> WHAT TO DO: Nothing but the pictures may be left out. Restate the rest of the entries word for word.

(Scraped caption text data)
____
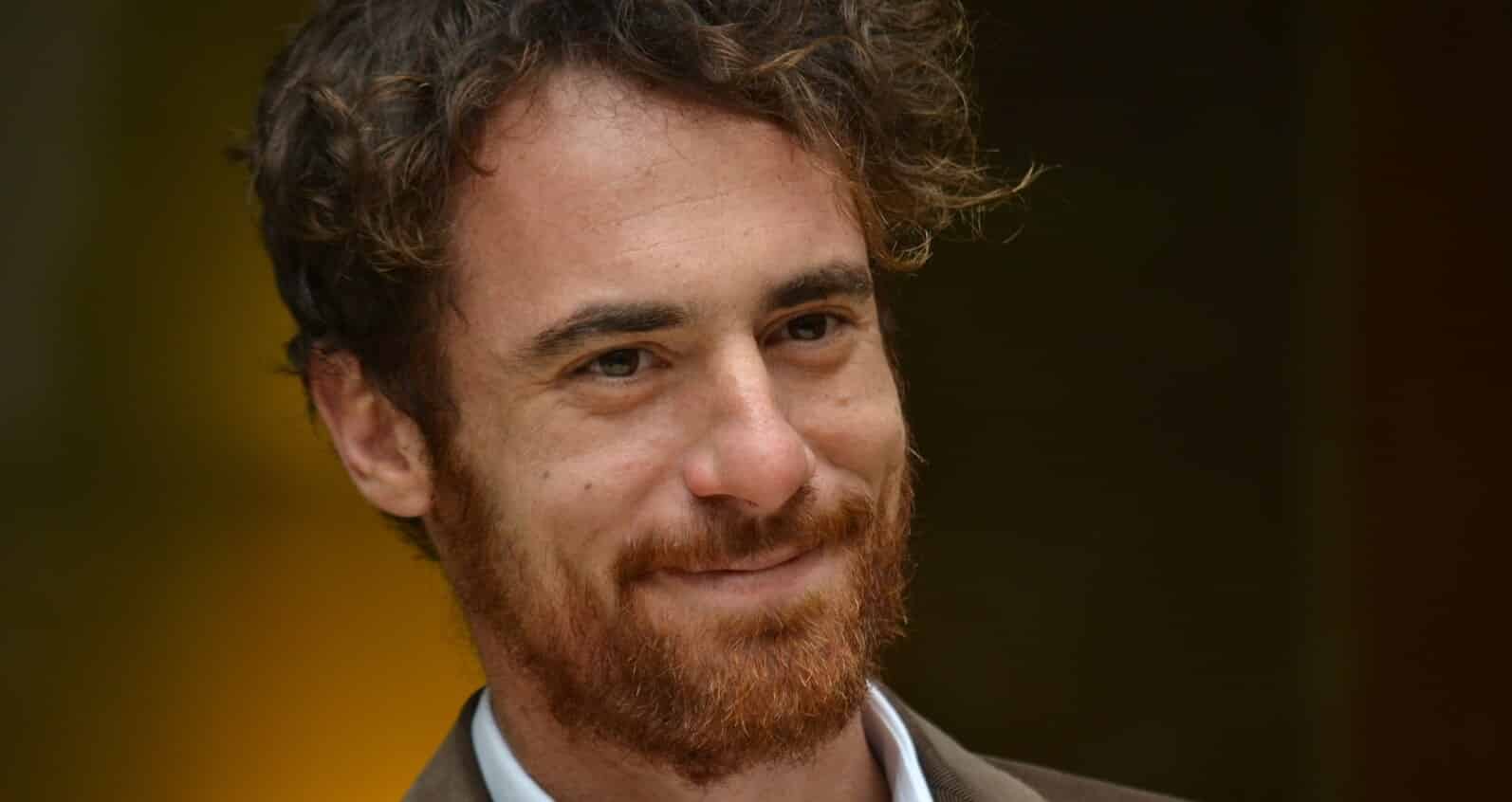 America Latina: la prima immagine dal set mostra Elio Germano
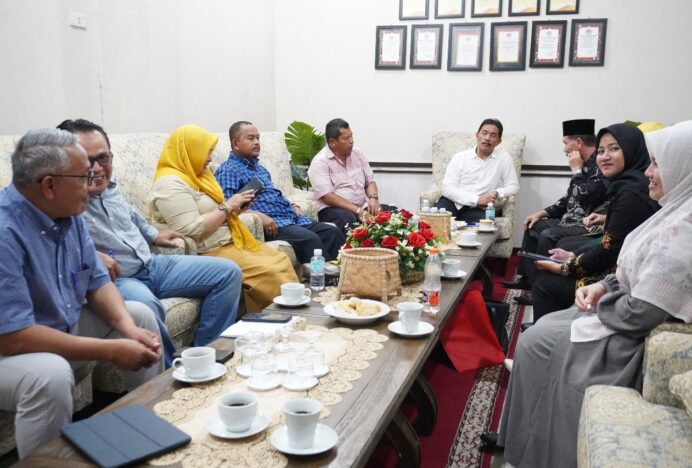 Wakil Bupati Aceh Besar Terima Audiensi Staf Ahli ApkasiBahas Kerja Sama Program Beasiswa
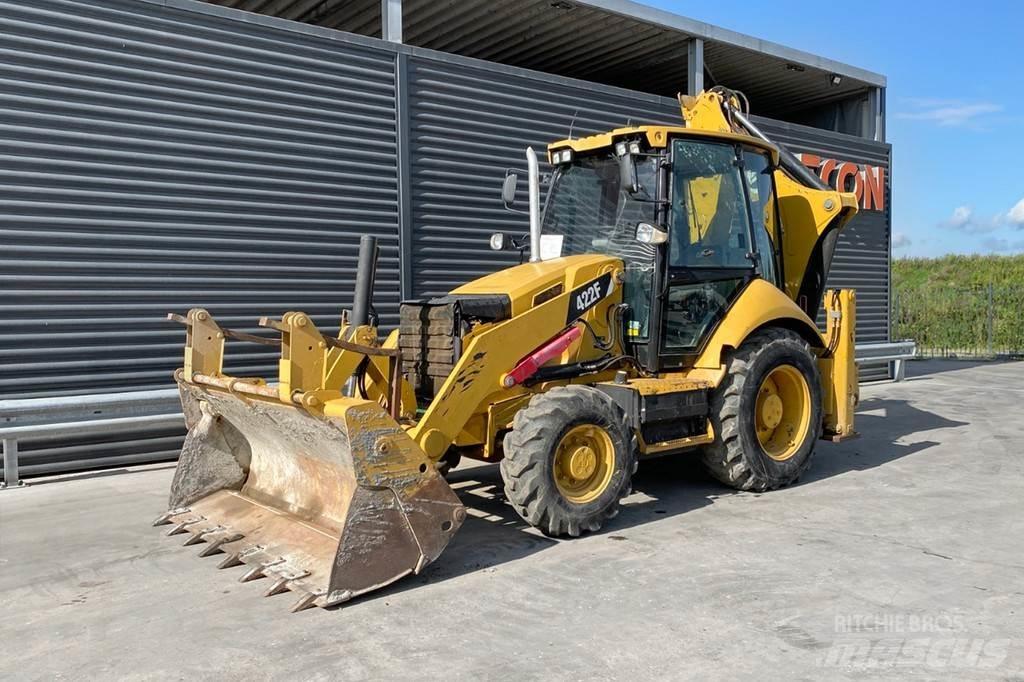 CAT 422 F TURBO Kaivurikuormaajat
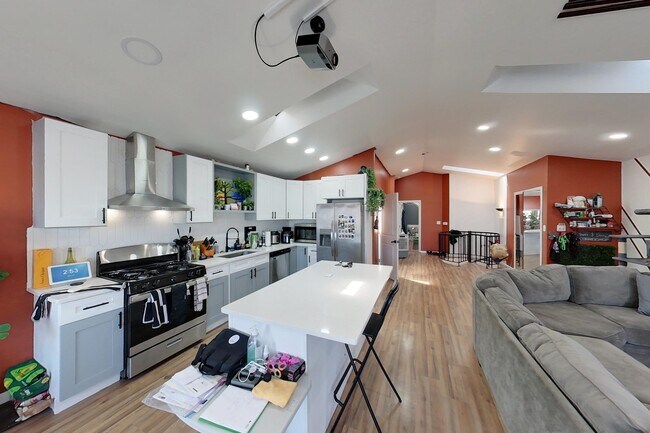 Foto del edificio - 33 Ridge Rd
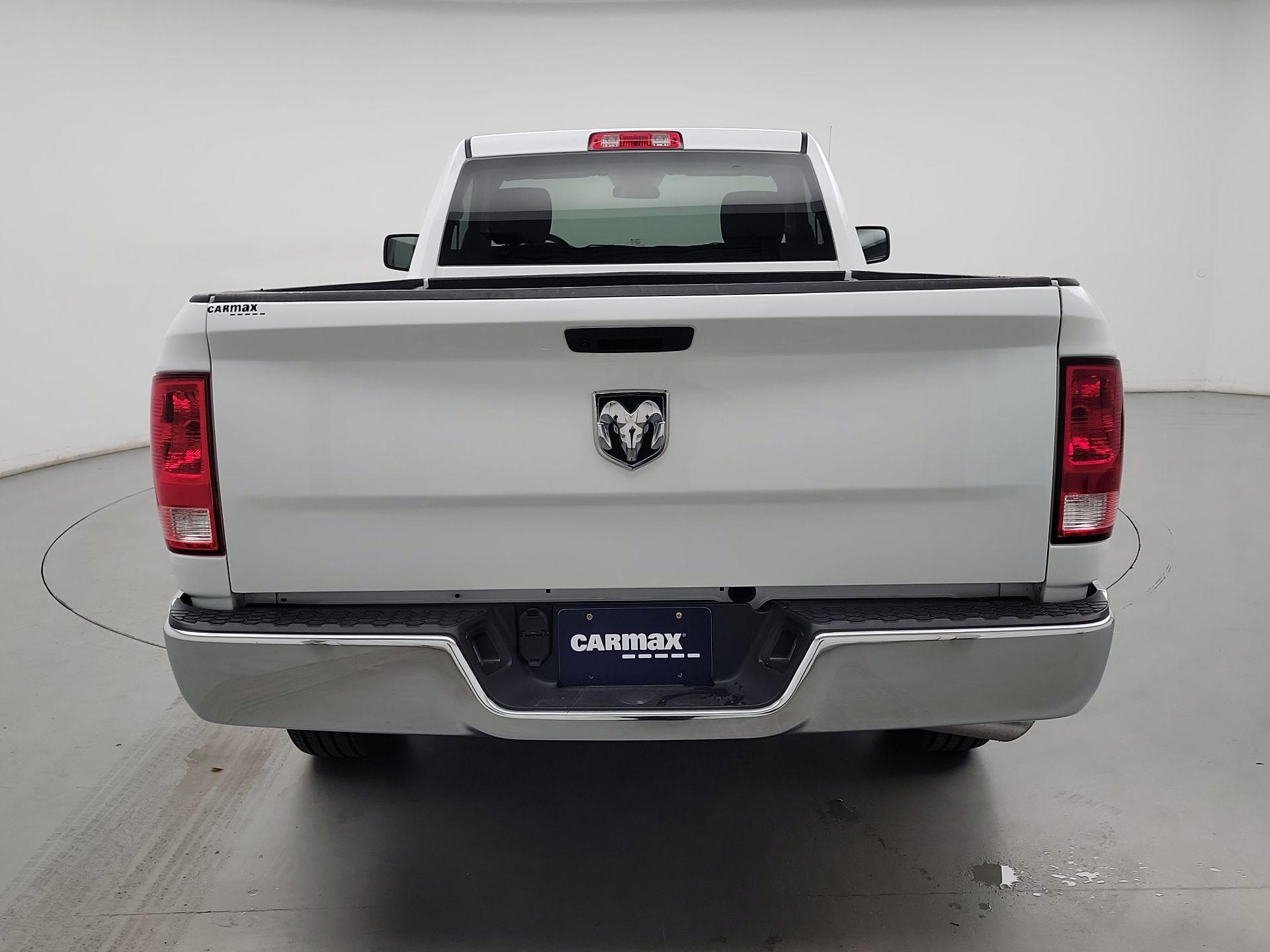 Thumbnail: 2022 RAM 1500 Classic - 6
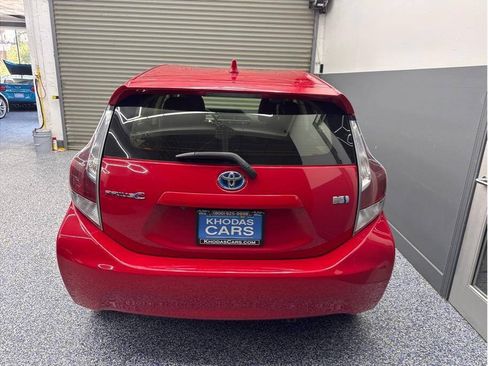 Used 2015 Toyota Prius C Two FWD image 4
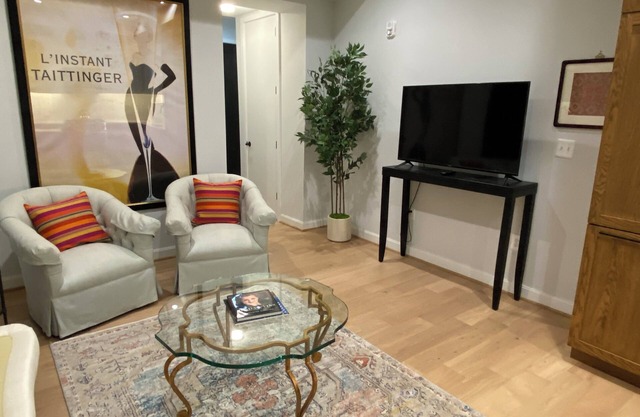 New Boutique 1BR Condo, Georgetown West End, Pvt Deck, Roof Deck
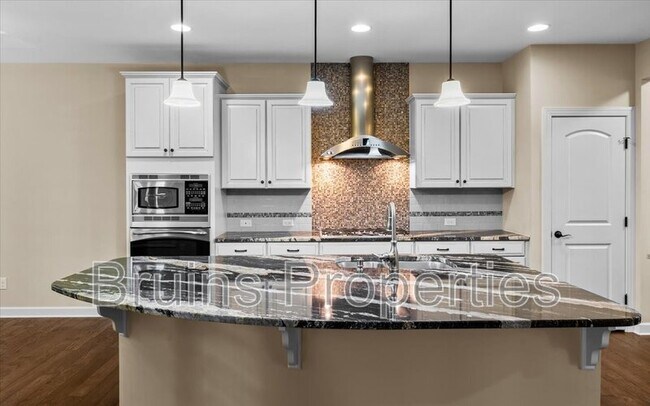 Building Photo - 6005 New Bailey Tr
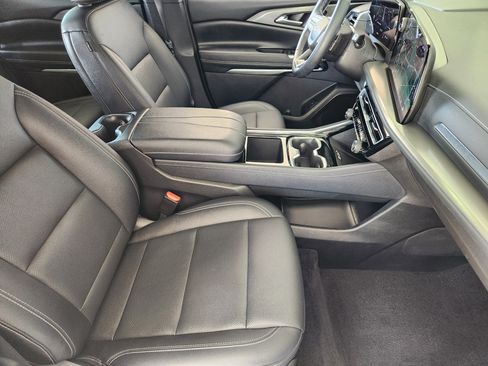 Certified 2025 Chevrolet Traverse LT FWD image 15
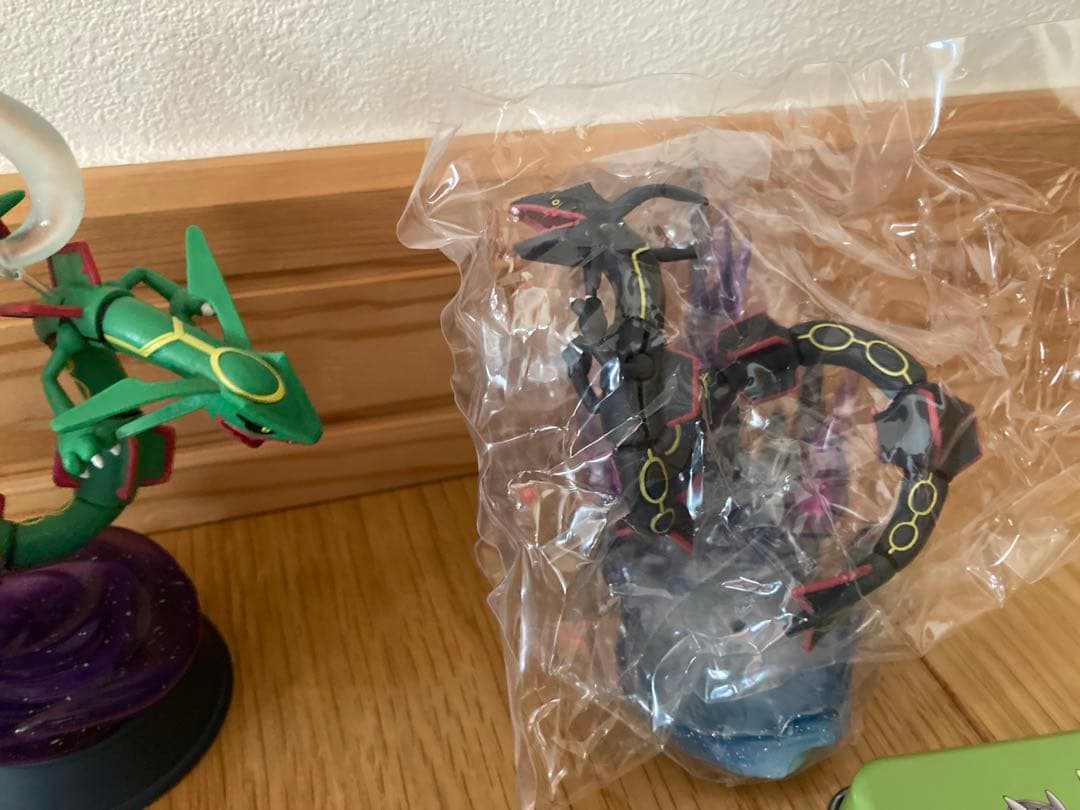 ポケモン　レックウザ　メガレックウザ　フィギュア　プチ缶　キーホルダー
____
> ANSWER SECTION:
 America Latina: la prima immagine dal set mostra Elio Germano
 Wakil Bupati Aceh Besar Terima Audiensi Staf Ahli ApkasiBahas Kerja Sama Program Beasiswa
 CAT 422 F TURBO Kaivurikuormaajat
 Foto del edificio - 33 Ridge Rd
 Thumbnail: 2022 RAM 1500 Classic - 6
 Used 2015 Toyota Prius C Two FWD image 4
 New Boutique 1BR Condo, Georgetown West End, Pvt Deck, Roof Deck
 Building Photo - 6005 New Bailey Tr
 Certified 2025 Chevrolet Traverse LT FWD image 15
 ポケモン　レックウザ　メガレックウザ　フィギュア　プチ缶　キーホルダー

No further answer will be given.